Scraped caption text data
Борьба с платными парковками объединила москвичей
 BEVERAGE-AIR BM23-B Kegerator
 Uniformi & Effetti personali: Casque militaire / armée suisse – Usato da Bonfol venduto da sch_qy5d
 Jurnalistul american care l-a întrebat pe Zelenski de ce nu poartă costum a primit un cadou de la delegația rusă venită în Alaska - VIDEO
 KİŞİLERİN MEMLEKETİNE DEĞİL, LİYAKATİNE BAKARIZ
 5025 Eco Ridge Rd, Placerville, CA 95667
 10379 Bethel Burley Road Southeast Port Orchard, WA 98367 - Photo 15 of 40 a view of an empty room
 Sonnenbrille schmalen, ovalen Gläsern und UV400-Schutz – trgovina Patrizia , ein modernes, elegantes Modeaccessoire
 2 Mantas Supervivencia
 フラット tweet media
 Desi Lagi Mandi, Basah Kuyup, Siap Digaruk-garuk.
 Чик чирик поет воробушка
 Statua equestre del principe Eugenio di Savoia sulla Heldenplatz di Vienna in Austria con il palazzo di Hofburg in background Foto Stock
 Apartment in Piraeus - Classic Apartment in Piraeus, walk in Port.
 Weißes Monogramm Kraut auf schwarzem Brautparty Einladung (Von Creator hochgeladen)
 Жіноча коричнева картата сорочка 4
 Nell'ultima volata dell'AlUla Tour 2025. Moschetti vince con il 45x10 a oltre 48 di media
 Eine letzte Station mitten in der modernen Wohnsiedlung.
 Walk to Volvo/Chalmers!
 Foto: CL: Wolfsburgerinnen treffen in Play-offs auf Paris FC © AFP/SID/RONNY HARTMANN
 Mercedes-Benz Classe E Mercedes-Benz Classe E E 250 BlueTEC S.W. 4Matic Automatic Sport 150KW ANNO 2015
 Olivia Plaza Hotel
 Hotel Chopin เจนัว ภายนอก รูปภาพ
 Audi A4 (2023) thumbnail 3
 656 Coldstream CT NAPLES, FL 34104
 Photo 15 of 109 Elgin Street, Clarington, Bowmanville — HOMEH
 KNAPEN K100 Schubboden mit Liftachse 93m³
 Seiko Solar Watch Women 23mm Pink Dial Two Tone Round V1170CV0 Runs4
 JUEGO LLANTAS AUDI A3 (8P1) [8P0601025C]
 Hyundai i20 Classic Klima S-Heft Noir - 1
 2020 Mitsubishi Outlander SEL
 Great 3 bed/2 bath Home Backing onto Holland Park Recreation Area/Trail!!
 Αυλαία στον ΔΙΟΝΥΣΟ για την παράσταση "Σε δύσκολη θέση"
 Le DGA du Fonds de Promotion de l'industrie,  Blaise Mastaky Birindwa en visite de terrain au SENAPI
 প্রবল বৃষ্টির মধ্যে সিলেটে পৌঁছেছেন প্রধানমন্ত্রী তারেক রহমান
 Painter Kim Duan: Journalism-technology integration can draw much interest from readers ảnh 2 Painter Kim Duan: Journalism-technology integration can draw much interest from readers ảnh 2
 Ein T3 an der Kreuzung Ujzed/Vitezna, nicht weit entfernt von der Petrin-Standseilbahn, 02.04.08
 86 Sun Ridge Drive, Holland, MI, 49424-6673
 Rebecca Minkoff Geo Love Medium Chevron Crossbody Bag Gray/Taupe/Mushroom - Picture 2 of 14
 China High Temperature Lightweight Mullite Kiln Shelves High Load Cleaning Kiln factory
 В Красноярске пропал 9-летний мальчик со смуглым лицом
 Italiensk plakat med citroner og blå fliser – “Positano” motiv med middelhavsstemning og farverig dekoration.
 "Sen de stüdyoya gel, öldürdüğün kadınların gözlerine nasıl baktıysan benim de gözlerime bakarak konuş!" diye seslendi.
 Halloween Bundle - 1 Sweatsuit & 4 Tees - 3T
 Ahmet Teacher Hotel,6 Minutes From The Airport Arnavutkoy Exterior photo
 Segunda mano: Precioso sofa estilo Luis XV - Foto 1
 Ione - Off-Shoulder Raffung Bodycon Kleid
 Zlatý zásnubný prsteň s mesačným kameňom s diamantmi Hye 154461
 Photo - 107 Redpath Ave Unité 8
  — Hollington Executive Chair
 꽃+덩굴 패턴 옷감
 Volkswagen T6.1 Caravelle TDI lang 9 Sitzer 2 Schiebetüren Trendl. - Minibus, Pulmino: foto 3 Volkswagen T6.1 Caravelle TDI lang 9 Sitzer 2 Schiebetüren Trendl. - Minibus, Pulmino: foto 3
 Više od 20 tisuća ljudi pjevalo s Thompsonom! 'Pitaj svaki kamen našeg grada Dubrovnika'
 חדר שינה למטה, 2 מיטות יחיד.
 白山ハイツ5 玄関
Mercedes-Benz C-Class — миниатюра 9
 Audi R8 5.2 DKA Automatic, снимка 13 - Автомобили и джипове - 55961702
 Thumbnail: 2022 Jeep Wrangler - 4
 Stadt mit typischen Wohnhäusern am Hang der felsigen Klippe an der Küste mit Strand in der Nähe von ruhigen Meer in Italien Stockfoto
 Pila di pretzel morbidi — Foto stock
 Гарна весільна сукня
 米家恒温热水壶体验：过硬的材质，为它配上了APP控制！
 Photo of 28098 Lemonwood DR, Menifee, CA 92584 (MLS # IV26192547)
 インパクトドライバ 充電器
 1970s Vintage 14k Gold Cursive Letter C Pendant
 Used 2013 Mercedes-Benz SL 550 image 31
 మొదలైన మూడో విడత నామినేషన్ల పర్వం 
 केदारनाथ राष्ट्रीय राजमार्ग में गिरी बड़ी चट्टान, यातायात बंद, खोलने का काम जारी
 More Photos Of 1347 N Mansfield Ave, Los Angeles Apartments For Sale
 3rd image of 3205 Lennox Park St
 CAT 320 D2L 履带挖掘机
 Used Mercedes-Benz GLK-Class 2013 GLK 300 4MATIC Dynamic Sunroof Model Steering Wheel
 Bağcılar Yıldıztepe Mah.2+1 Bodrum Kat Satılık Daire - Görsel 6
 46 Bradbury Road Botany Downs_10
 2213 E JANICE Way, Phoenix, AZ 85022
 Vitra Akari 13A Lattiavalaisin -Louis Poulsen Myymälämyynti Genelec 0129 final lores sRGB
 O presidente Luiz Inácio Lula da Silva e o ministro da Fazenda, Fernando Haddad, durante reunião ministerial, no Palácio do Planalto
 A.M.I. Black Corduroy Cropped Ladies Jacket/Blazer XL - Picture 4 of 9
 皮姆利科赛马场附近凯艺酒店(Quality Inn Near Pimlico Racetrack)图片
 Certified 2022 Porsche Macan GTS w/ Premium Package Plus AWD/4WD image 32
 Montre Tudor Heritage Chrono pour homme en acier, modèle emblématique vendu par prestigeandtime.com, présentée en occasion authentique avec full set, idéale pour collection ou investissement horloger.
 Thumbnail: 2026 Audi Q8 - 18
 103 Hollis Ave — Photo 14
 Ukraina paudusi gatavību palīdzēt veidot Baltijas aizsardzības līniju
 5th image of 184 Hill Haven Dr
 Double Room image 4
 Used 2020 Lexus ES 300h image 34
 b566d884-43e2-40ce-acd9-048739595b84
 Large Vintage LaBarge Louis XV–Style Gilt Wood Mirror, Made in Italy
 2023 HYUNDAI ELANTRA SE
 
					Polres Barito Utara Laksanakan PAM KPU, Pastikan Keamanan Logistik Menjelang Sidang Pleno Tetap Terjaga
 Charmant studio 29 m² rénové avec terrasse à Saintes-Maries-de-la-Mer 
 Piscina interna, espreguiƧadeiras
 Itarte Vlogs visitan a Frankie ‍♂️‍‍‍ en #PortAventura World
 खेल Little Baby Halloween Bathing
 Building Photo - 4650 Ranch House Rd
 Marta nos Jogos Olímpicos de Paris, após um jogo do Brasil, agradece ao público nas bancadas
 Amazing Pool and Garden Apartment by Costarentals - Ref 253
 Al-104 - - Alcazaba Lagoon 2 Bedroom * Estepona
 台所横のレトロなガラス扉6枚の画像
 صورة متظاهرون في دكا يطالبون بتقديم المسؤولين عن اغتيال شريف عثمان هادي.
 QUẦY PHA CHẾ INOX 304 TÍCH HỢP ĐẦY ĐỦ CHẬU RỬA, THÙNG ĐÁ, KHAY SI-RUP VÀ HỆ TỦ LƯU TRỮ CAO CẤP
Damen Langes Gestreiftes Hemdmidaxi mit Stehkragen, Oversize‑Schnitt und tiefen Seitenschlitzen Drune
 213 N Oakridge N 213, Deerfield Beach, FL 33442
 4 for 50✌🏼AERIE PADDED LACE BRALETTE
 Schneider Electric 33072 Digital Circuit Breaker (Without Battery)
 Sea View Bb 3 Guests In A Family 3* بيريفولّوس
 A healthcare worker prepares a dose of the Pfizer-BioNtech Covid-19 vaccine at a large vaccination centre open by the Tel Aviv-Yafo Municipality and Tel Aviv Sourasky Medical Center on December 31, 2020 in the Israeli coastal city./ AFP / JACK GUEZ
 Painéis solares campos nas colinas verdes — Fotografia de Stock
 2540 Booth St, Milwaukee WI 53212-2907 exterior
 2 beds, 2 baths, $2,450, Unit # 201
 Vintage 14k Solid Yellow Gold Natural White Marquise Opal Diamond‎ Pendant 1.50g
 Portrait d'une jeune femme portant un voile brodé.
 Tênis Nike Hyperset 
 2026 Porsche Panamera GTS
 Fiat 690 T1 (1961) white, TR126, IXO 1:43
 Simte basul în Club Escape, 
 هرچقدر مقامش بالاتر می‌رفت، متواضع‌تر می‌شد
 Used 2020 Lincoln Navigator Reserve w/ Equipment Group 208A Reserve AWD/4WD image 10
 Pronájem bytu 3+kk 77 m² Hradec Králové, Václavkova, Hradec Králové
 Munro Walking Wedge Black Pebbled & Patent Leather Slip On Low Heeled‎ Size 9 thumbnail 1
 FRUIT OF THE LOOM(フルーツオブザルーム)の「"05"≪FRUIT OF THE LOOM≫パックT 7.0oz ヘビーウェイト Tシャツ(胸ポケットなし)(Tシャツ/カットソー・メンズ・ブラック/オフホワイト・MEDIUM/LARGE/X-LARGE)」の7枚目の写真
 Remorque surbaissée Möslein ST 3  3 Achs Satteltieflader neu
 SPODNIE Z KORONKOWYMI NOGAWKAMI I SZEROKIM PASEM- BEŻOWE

## Your task
A complete answer reproduces every line of the records in which the word "Holland" occurs.

## Reply to the exercise
 Great 3 bed/2 bath Home Backing onto Holland Park Recreation Area/Trail!!
 86 Sun Ridge Drive, Holland, MI, 49424-6673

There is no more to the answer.